Use case 3: test-driving new containers

You can run container-diff to preview the impact of your changes in a build. For instance, to quickly try out different base images or play with the Dockerfile. You can iterate until you’re sure you've got it right.

Container-diff is not limited to images in remote repositories. You can analyze any local image by prefixing its name with daemon://.

container-diff diff --type=TEST_TYPE daemon://IMAGE_NAME:TAG daemon://IMAGE_NAME:TAG
Enter fullscreen mode Exit fullscreen mode

Imagine that you’re building a container for a Ruby app and want to try upgrading from Ruby 2.7 to 3.0. As a Ruby developer, you know what to expect from the language side, but can you say the same about the container?

To answer the question, let's compare the respective Ruby images:

$ container-diff diff --type=size --type=apt ruby:2.7.4-bullseye ruby:3.0.2-bullseye

----------Apt-----

Packages found only in ruby:2.7.4-bullseye: None

Packages found only in ruby:3.0.2-bullseye: None

Version differences: None

----------History-----

Docker history lines found only in ruby:2.7.4-bullseye:
-/bin/sh -c #(nop)  ENV RUBY_MAJOR=2.7
-/bin/sh -c #(nop)  ENV RUBY_VERSION=2.7.4
-/bin/sh -c #(nop)  ENV RUBY_DOWNLOAD_SHA256=2a80824e0ad6100826b69b9890bf55cfc4cf2b61a1e1330fccbcb30c46cef8d7


Docker history lines found only in ruby:3.0.2-bullseye:
-/bin/sh -c #(nop)  ENV RUBY_MAJOR=3.0
-/bin/sh -c #(nop)  ENV RUBY_VERSION=3.0.2
-/bin/sh -c #(nop)  ENV RUBY_DOWNLOAD_SHA256=570e7773100f625599575f363831166d91d49a1ab97d3ab6495af44774155c40

----------Size-----

Image size difference between ruby:2.7.4-bullseye and ruby:3.0.2-bullseye:
SIZE1         SIZE2
819.2M        835.8M
Enter fullscreen mode Exit fullscreen mode

Compare that with changing the OS flavor in the Node image.
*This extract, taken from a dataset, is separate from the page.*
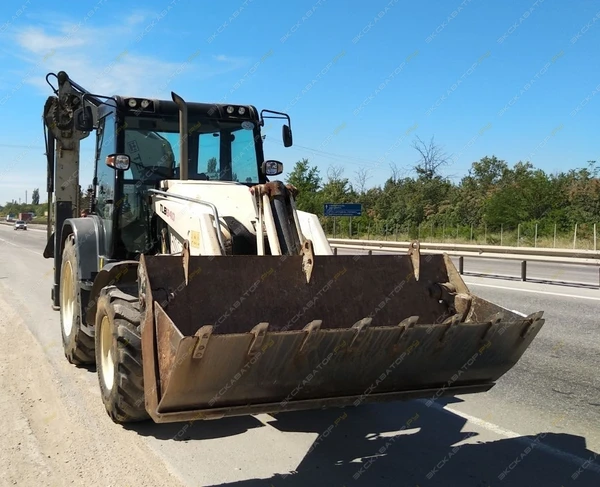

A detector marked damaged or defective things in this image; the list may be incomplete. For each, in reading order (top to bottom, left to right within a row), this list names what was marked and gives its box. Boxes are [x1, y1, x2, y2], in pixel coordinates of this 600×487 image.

rusty metal bucket [136, 252, 544, 424]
What happens if you want to swap out Bullseye for Bullseye Slim?

$ container-diff diff --type=size --type=apt --type=node node:17-bullseye node:17-bullseye-slim

----------Apt-----

Packages found only in node:17-bullseye:
NAME                                 VERSION                               SIZE
-autoconf                            2.69-14                               1.8M
-automake                            1:1.16.3-2                            1.8M
-autotools-dev                       20180224.1 nmu1                       157K
...

----------Node-----

Packages found only in node:17-bullseye: None

Packages found only in node:17-bullseye-slim: None

Version differences: None

----------Size-----

Image size difference between node:17-bullseye and node:17-bullseye-slim:
SIZE1         SIZE2
942.9M        230.7M
Enter fullscreen mode Exit fullscreen mode

Comparing regular Bullseye vs. Slim shows that:

  • Node stays the same.

  • Slim image is about 12 MB smaller.

  • The smaller image has a long list of missing packages.
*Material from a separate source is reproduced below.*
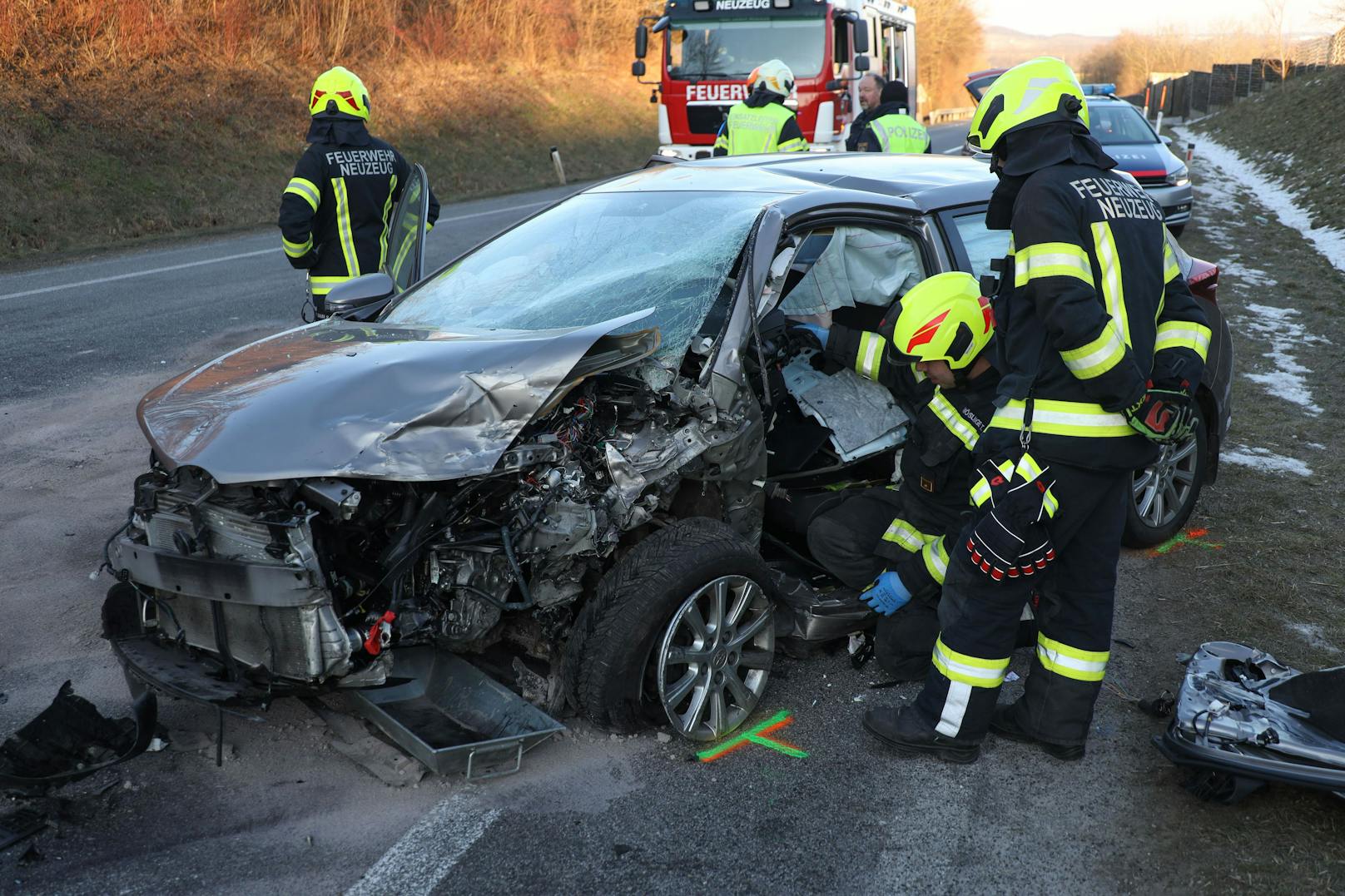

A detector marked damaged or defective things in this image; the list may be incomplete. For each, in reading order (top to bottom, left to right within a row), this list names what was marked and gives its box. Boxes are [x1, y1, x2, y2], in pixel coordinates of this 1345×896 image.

shattered windshield [383, 191, 772, 359]
crumpled hood [139, 313, 653, 489]
severely damaged car [100, 156, 1232, 765]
This information will help you decide which is the best version for you. It makes sense to pick Slim in order to reduce the attack surface if you don’t need the extra packages.

Extending and customizing container-diff

When the default text output is not enough, we can write an output template. You can see the examples in the built-in template file.

The --format option lets us customize how information is printed out, giving us a way to export the data to other formats, such as CSV:

$ container-diff diff python:3.9-bullseye python:3.10-bullseye --type=pip --format='
package,{{.Image1}},{{.Image2}}
{{range .Diff.InfoDiff}}{{.Package}},{{range .Info1}}{{.Version}}{{end}},{{range .Info2}}{{.Version}}{{"\n"}}{{end}}{{end}}
'

package,python:3.9-bullseye,python:3.10-bullseye
pip,21.2.4,21.2.4
setuptools,57.5.0,57.5.0
wheel,0.37.0,0.37.0
Enter fullscreen mode Exit fullscreen mode

When custom formats are not enough, container-diff can be extended by writing your own differ. You'll need solid knowledge of Go for that, though.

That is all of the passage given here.